*** Begin section ***
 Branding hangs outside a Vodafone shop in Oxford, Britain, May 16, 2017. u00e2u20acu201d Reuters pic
*** End section ***
*** Begin section ***
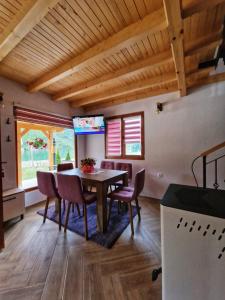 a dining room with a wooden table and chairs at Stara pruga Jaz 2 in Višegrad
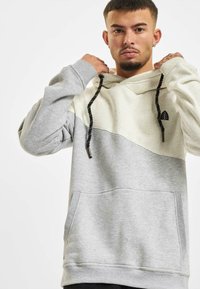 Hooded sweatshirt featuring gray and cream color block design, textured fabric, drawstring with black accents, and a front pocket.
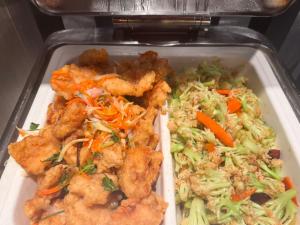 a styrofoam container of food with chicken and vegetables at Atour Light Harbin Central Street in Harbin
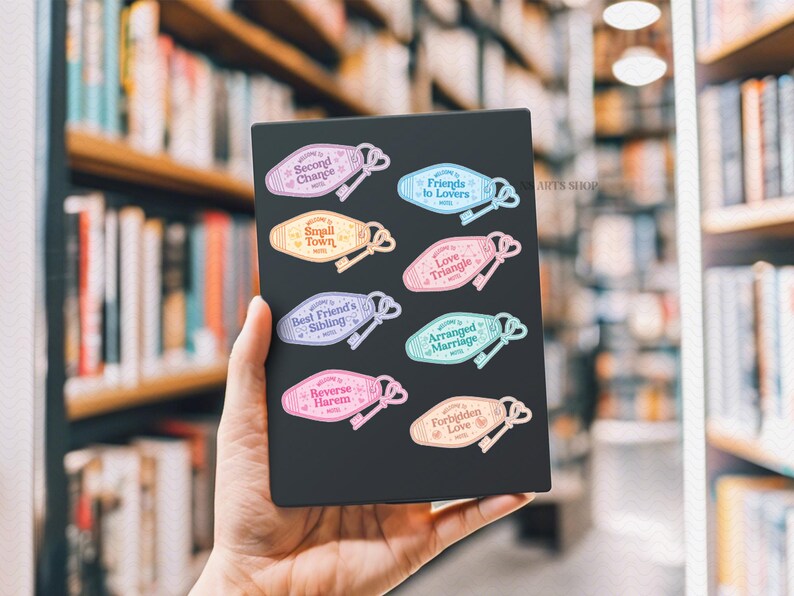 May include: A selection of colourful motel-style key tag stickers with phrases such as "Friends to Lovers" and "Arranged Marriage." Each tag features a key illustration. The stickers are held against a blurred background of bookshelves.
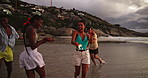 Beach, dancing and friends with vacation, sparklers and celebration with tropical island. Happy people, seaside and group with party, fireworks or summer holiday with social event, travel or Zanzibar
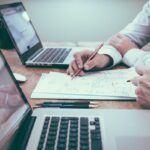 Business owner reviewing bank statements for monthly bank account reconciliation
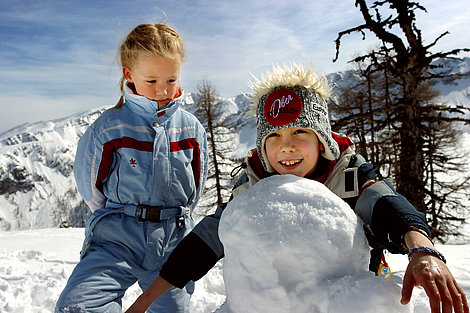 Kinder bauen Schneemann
*** End section ***
- [What is being asked]:
Give again the stretch of lines above from the one with "a styrofoam container" through the one with "Kinder bauen Schneemann", both ends kept, and copy no pictures.

- [Solution for this task]:
 a styrofoam container of food with chicken and vegetables at Atour Light Harbin Central Street in Harbin
 May include: A selection of colourful motel-style key tag stickers with phrases such as "Friends to Lovers" and "Arranged Marriage." Each tag features a key illustration. The stickers are held against a blurred background of bookshelves.
 Beach, dancing and friends with vacation, sparklers and celebration with tropical island. Happy people, seaside and group with party, fireworks or summer holiday with social event, travel or Zanzibar
 Business owner reviewing bank statements for monthly bank account reconciliation
 Kinder bauen Schneemann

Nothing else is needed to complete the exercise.